At any time after dissolution is authorized, the corporation may dissolve by delivering to the
secretary of state for filing articles of dissolution setting forth:
(1) The name of the corporation.
(2) The date dissolution was authorized.
(3) If dissolution was approved by the shareholders:
(i) The number of votes entitled to be cast on the proposal to dissolve; and
(ii) Either the total number of votes cast for and against dissolution or the total
number of undisputed votes cast for dissolution and a statement that the number
cast for dissolution was sufficient for approval.
(4) If voting by voting groups was required, the information required must be separately
provided for each voting group entitled to vote separately on the plan to dissolve.
(5) A certificate of mailing of a copy of the articles of dissolution to the department of
revenue.
A corporation is dissolved effective as of the date of filing its articles of dissolution.
A dissolved corporation continues its corporate existence but may not carry on any business
except that appropriate to wind up and liquidate its business and affairs, including:
(1) Collecting its assets.
(2) Disposing of its properties that will not be distributed in kind to its shareholders.
(3) Discharging or making provision for discharging its liabilities.
(4) Distributing its remaining property among its shareholders according to their interests.
(5) Doing every other act necessary to wind up and liquidate its business and affairs.
Prior to making any distribution of its remaining property among its shareholders according to
their interests, the corporation must first obtain a certificate of dissolution from the department of
revenue administration in accordance with RSA 77-A:18 and RSA 77-E:12.
Dissolution of a corporation does not:
(1) Transfer title to the corporation's property.
(2) Prevent transfer of its shares or securities, although the authorization to dissolve may
provide for closing the corporation's share transfer records.
(3) Subject its directors or officers to standards of conduct different from those prescribed in
RSA 293-A:8.01 through 293-A:8.58.
(4) Change quorum or voting requirements for its board of directors or shareholders; change
provisions for selection, resignation, or removal of its directors or officers or both; or
change provisions for amending its bylaws.

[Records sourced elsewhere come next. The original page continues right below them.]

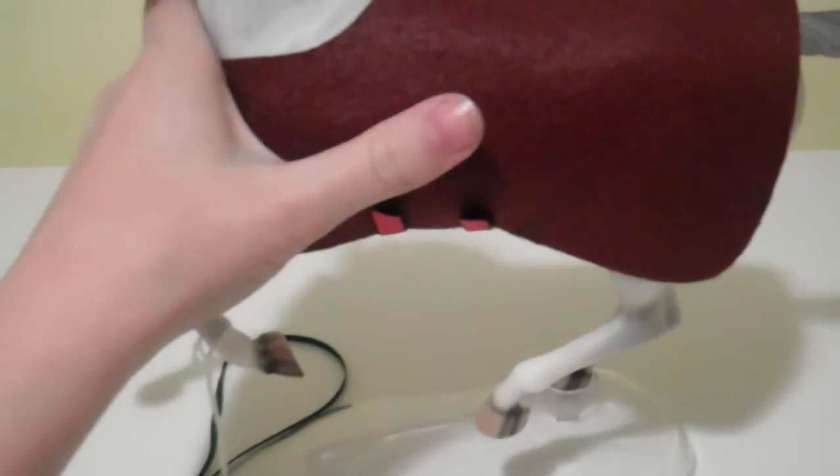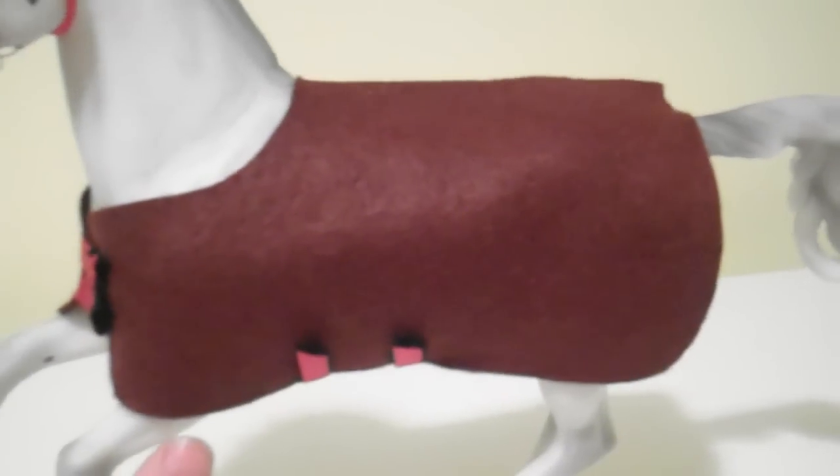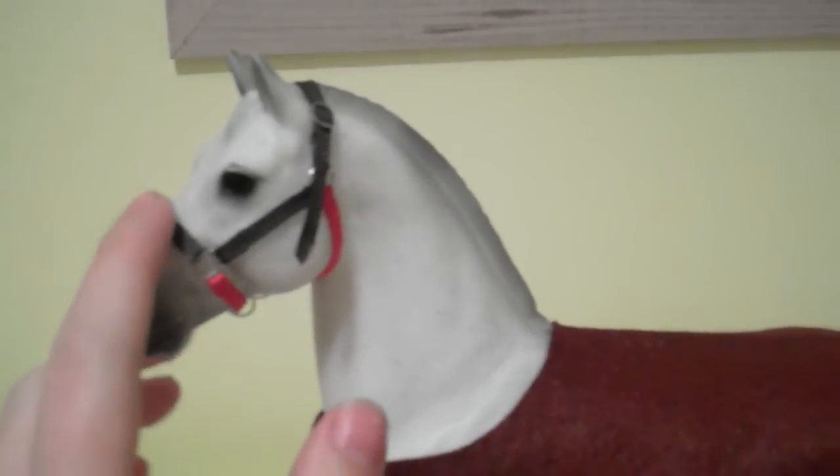Hi guys. I got a rug off Woodland Hill Stables a while ago and I haven't had a chance to do a video, so here it is. This is it — brown and red. This is brown. Red. Fits him perfectly. These are his colours, as you can see by his halter.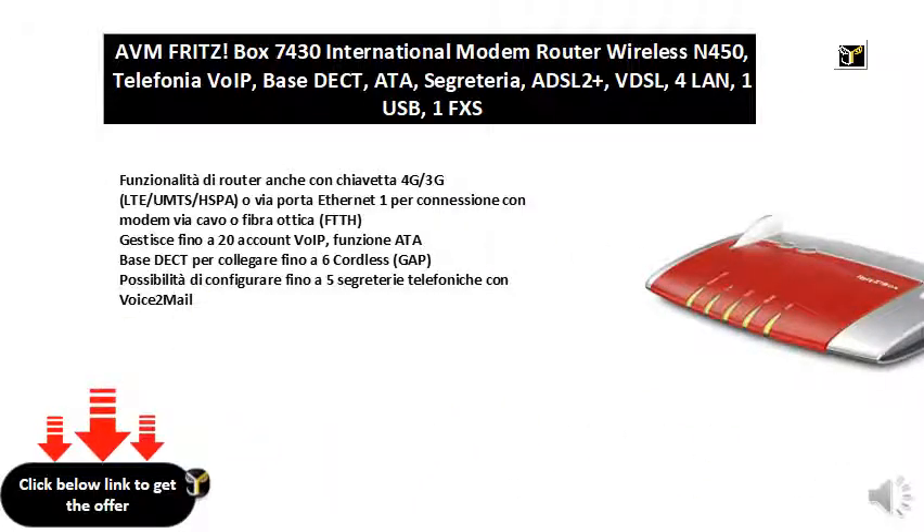Funzionalità di router anche con chiavetta 4G/3G, LTE/UMTS/HSPA, o via porta Ethernet 1 per connessione con modem via cavo o fibra ottica, FTTH.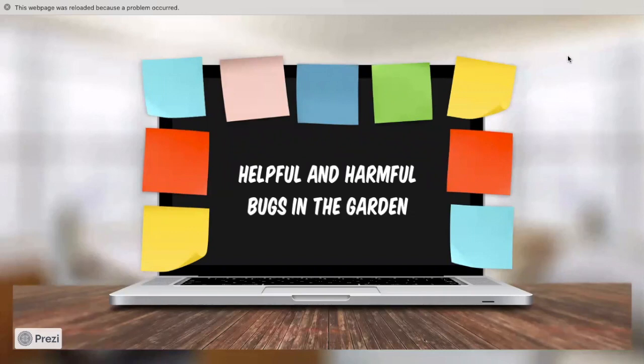Welcome back to Miss Breeze's garden time. Today we're going to focus on the helpful and the harmful bugs in the garden. Put in the comment section how you're doing today — the pros and cons, the things you've experienced thus far. Hopefully you start off this Monday feeling super good, super energized, and super grateful. Let's start off by looking at some of the helpful bugs that appear in our garden.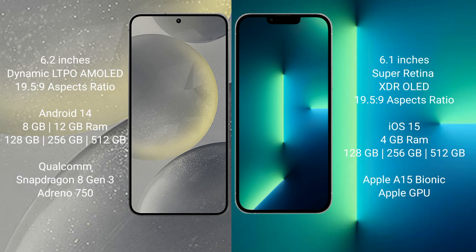Samsung Galaxy S24 comes with 8GB and 12GB RAM, and 128GB, 256GB, and 512GB internal storage. It features a Qualcomm Snapdragon 8 Gen 3 processor with Adreno GPU.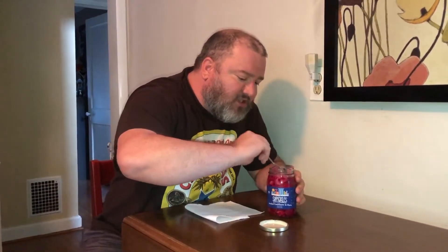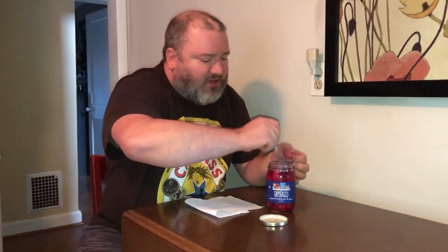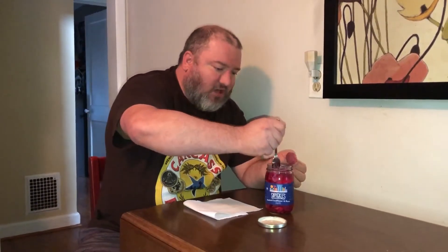Looks like the beets themselves might be towards the bottom of the jar, so it might be a little bit difficult to sample the beets right here. However, I do have a jar of just beets from this company that I'll be reviewing later on, so we'll get to sample the beets in a future video. But I just want to pop one more of these — look at how they take on the color of the beets as well. This is a really attractive pinkish-reddish color here.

(5) Prevent commencement of a proceeding by or against the corporation in its corporate
name.
(6) Abate or suspend a proceeding pending by or against the corporation on the effective date
of dissolution.
(7) Terminate the authority of the registered agent of the corporation.
A dissolved corporation may dispose of the known claims against it by notifying its known
claimants in writing of the dissolution at any time after its effective date. The written notice
must:
(1) Describe information that must be included in a claim;
(2) Provide a mailing address where a claim may be sent;
(3) State the deadline, which may not be fewer than 120 days from the effective date of the
written notice, by which the dissolved corporation must receive the claim; and
(4) State that the claim will be barred if not received by the deadline.
A claim against the dissolved corporation is barred if a claimant who was given this written
notice does not deliver the claim to the dissolved corporation by the deadline or if a claimant
whose claim was rejected by the dissolved corporation does not commence a proceeding to
enforce the claim within 90 days after the effective date of the rejection notice.
A “claim” does not include a contingent liability or a claim based on an event occurring after the
effective date of dissolution.
A dissolved corporation may also publish notice of its dissolution and request that persons with
claims against the corporation present them in accordance with the notice. The notice must:
(1) Be published one time in a newspaper of general circulation in the county where the
dissolved corporation's principal office, or, if none in this state, its registered office, is or
was last located;
(2) Describe the information that must be included in a claim and provide a mailing address
where the claim may be sent; and
(3) State that a claim against the corporation will be barred unless a proceeding to enforce
the claim is commenced within 5 years after the publication of the notice.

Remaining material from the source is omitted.